→ **What you have to do**: Retype exactly what appears below from the line containing "Sometimes, when we" down to the line containing "Now type your", keeping both end lines. Do not include pictures.

→ **Saved entries**:
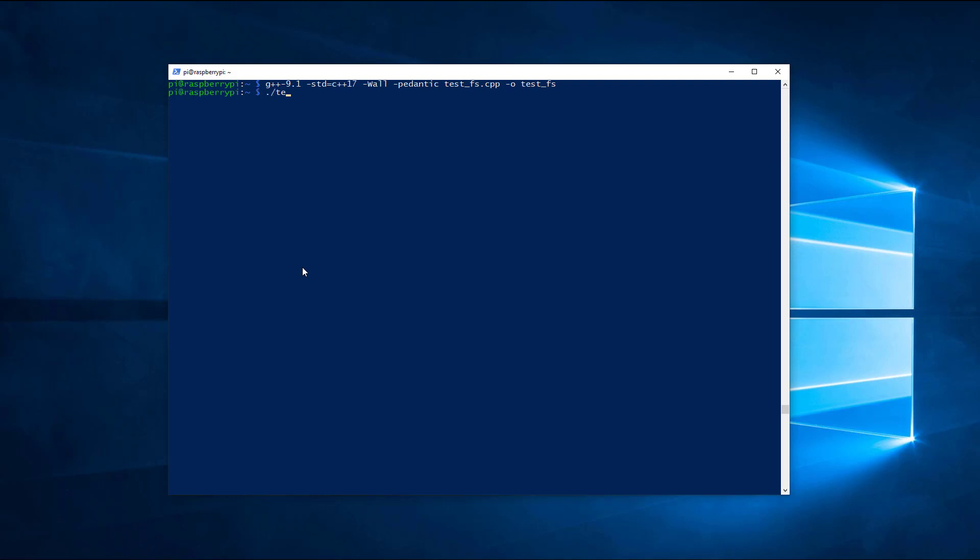The next command will compile the previously written C++ file using the C++17 standard and enable all warnings. If you run the generated executable, it will print a list with all files and folders from the current directory.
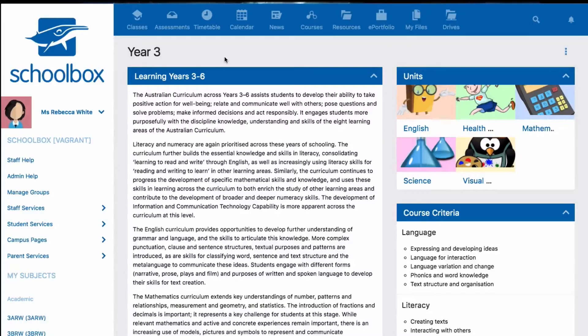Courses can be used in a number of different ways in a junior school context in Schoolbox. This video will show you some of the ways you can use them, depending on your school requirements.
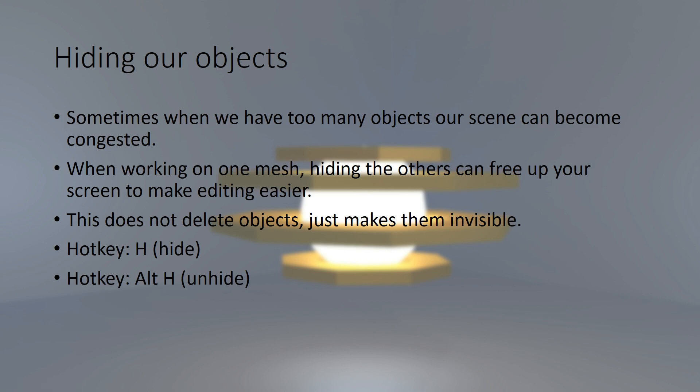Sometimes, when we have too many objects in our scene, our scene can become congested and it can become difficult to edit certain objects.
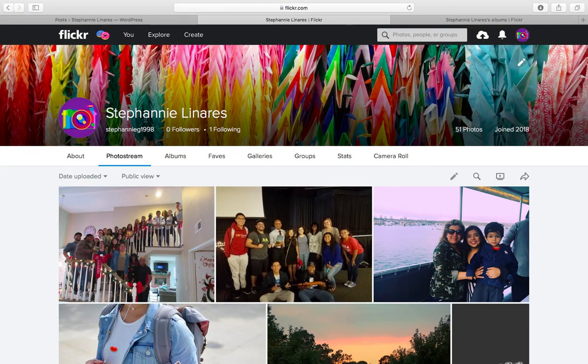Hey everyone, my name is Stephanie and today I'm going to show you how to embed your Flickr photo stream to your WordPress site.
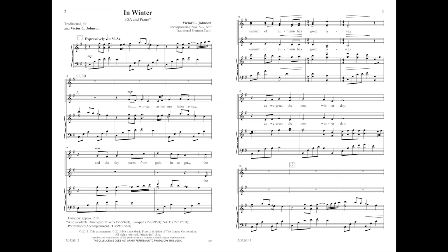In winter as the sun fades away, and the sky turns of gold into gray, the warmth of autumn has gone away, as we greet the new winter day.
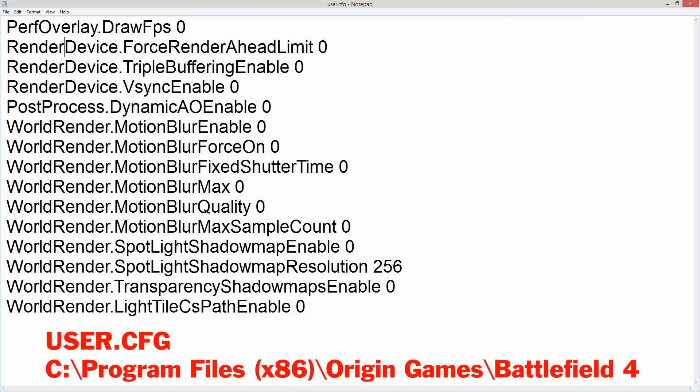The user config file is found in Program Files under Origin Games in the Battlefield 4 folder, and it's called user.cfg or user config. If you don't have one, simply open Notepad, create that file, and copy this text into it. I found this version of a user config file online by just searching 'Battlefield 4 user settings' in Google, and it's the one I've used for quite a while.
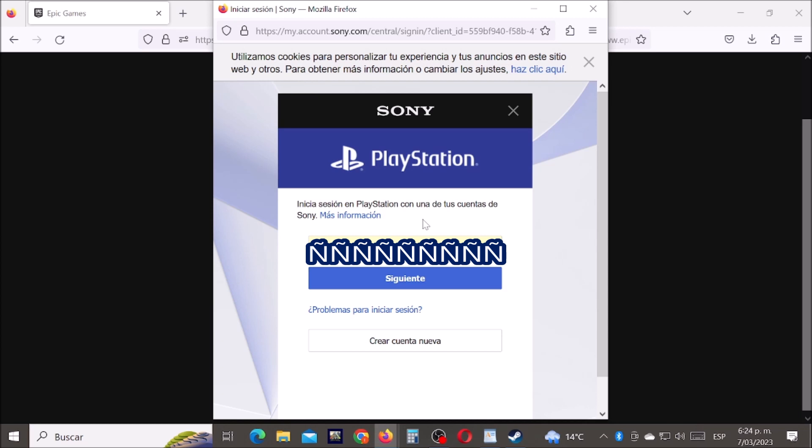Now type your PlayStation email and click where it says next.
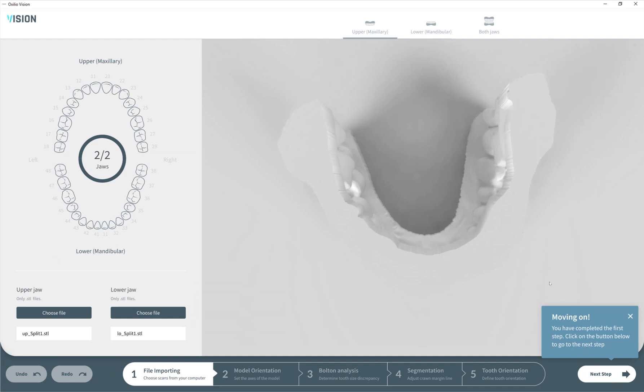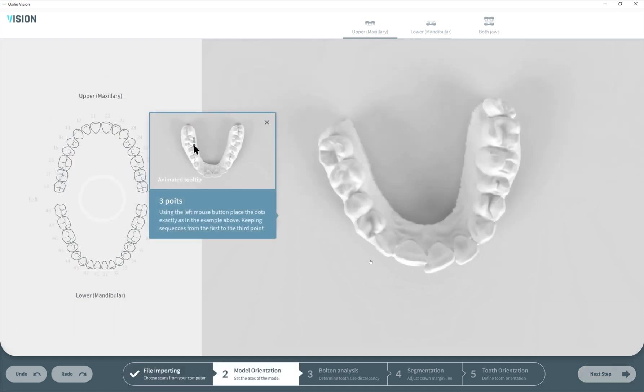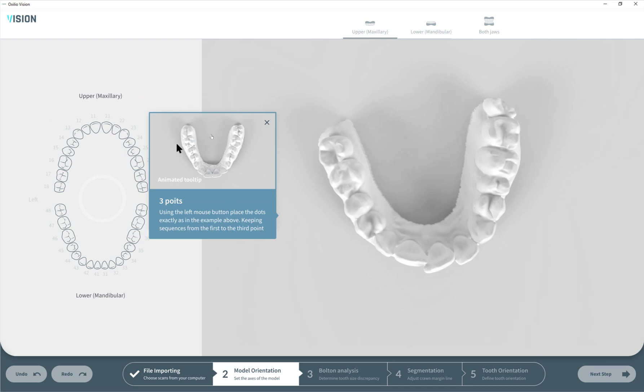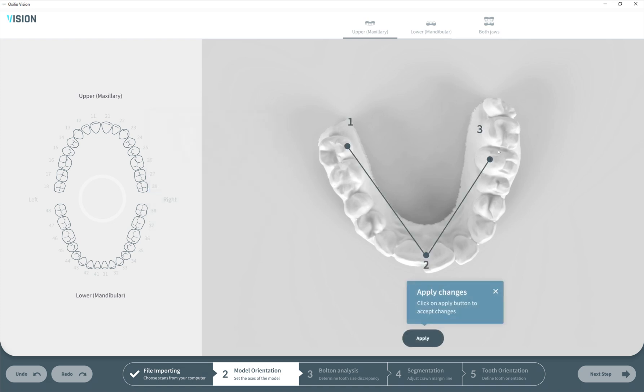Now we can move to the next step. Here we can see the animated guides. Later in this tutorial they will not be animated, but in the final product they will be. Here we need to put three points which will lay in our XY plane and put our model in the correct position.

→ **Output for this task**:
Sometimes, when we have too many objects in our scene, our scene can become congested and it can become difficult to edit certain objects.
Hey everyone, my name is Stephanie and today I'm going to show you how to embed your Flickr photo stream to your WordPress site.
In winter as the sun fades away, and the sky turns of gold into gray, the warmth of autumn has gone away, as we greet the new winter day.
The user config file is found in Program Files under Origin Games in the Battlefield 4 folder, and it's called user.cfg or user config. If you don't have one, simply open Notepad, create that file, and copy this text into it. I found this version of a user config file online by just searching 'Battlefield 4 user settings' in Google, and it's the one I've used for quite a while.
Now type your PlayStation email and click where it says next.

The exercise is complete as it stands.